**WORK REQUEST**
What is needed is an exact copy of every line from the one containing "Magi, Aladdin, Ren Hakuryuu, anime, manga" through the end of the entries; please set it down without any pictures.
'''
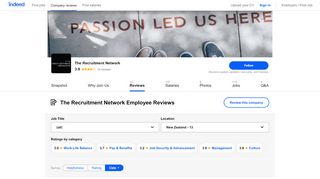 
                            12. Working at The Recruitment Network: Employee Reviews | Indeed.com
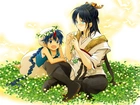 Magi, Aladdin, Ren Hakuryuu, anime, manga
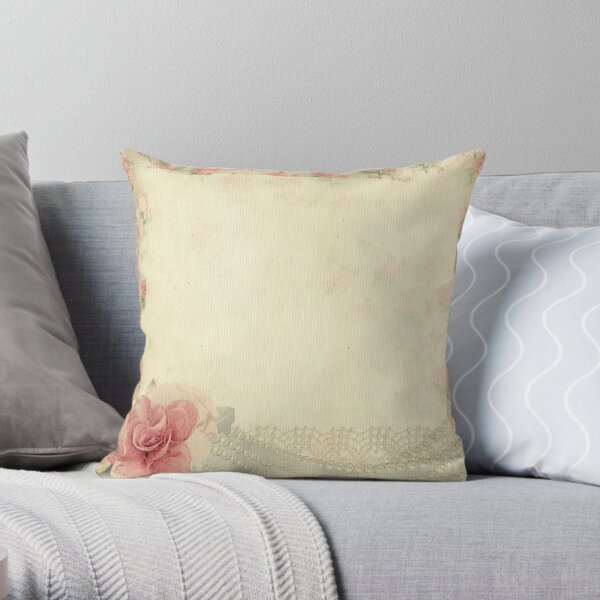 Lace Shabby Chic French Country Cushion Throw Pillow Pink Heart Velvet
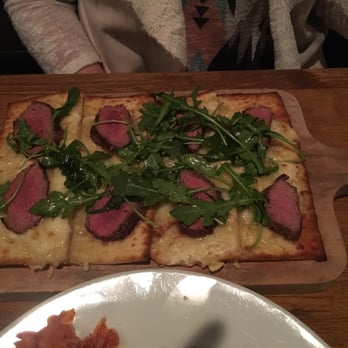 Bin 77 Bistro & SideBar - Steak and Gruyere flatbread - Tapas/Small Plates Near Me - Baton Rouge, Louisiana
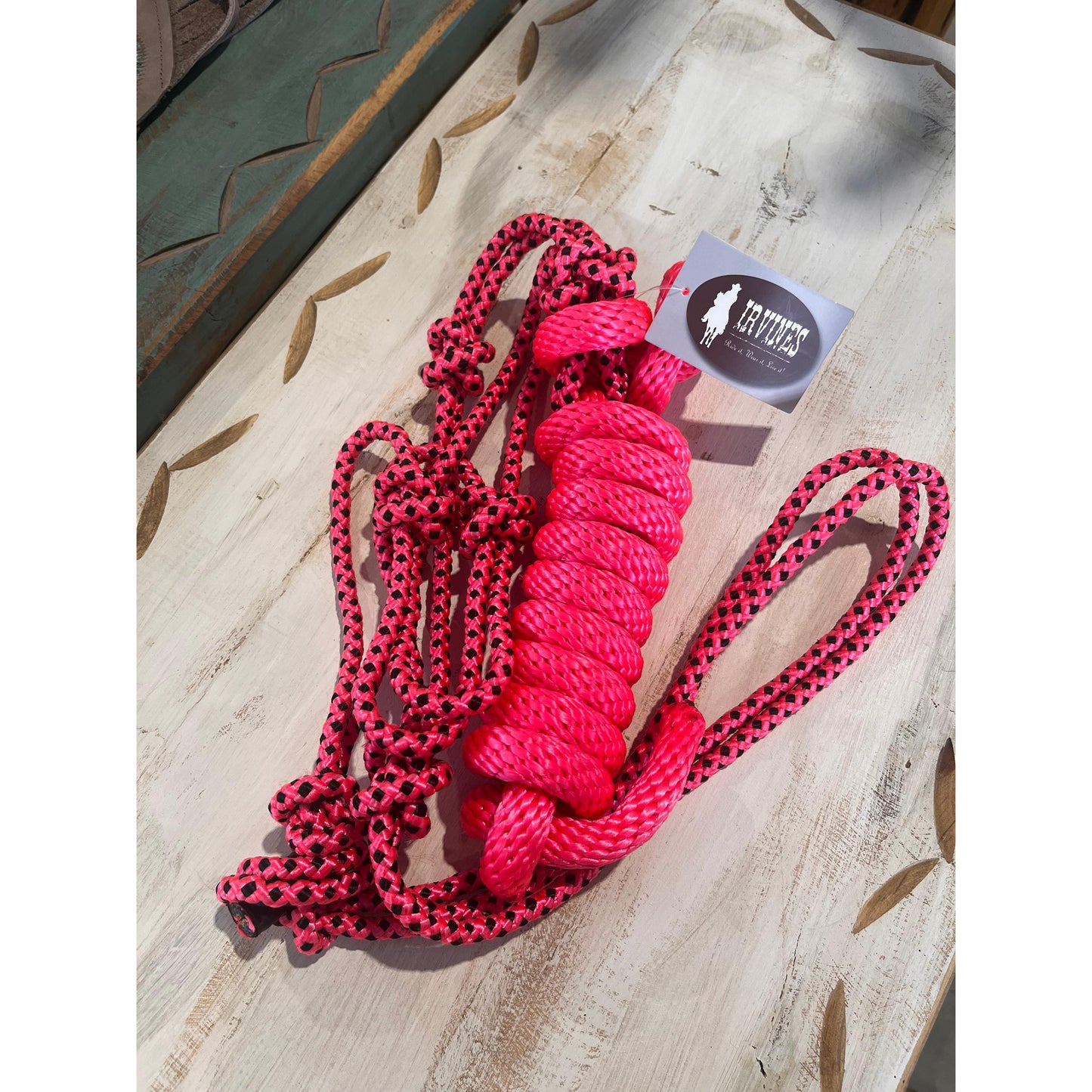 Irvine Diamond Mountain Halter 5/16" w/8' Lead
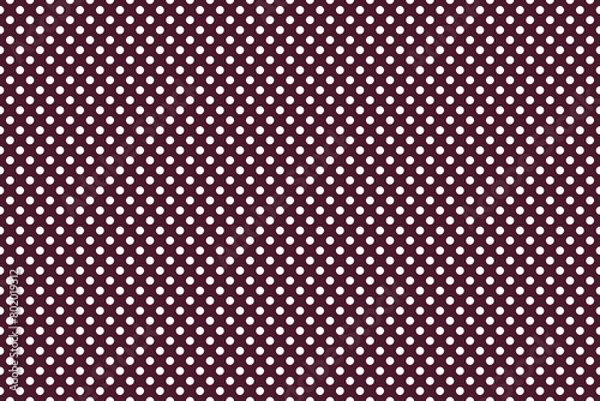 Fototapeta violet or purple seamless pattern with white dots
'''
**TASK RESPONSE**
 Magi, Aladdin, Ren Hakuryuu, anime, manga
 Lace Shabby Chic French Country Cushion Throw Pillow Pink Heart Velvet
 Bin 77 Bistro & SideBar - Steak and Gruyere flatbread - Tapas/Small Plates Near Me - Baton Rouge, Louisiana
 Irvine Diamond Mountain Halter 5/16" w/8' Lead
 Fototapeta violet or purple seamless pattern with white dots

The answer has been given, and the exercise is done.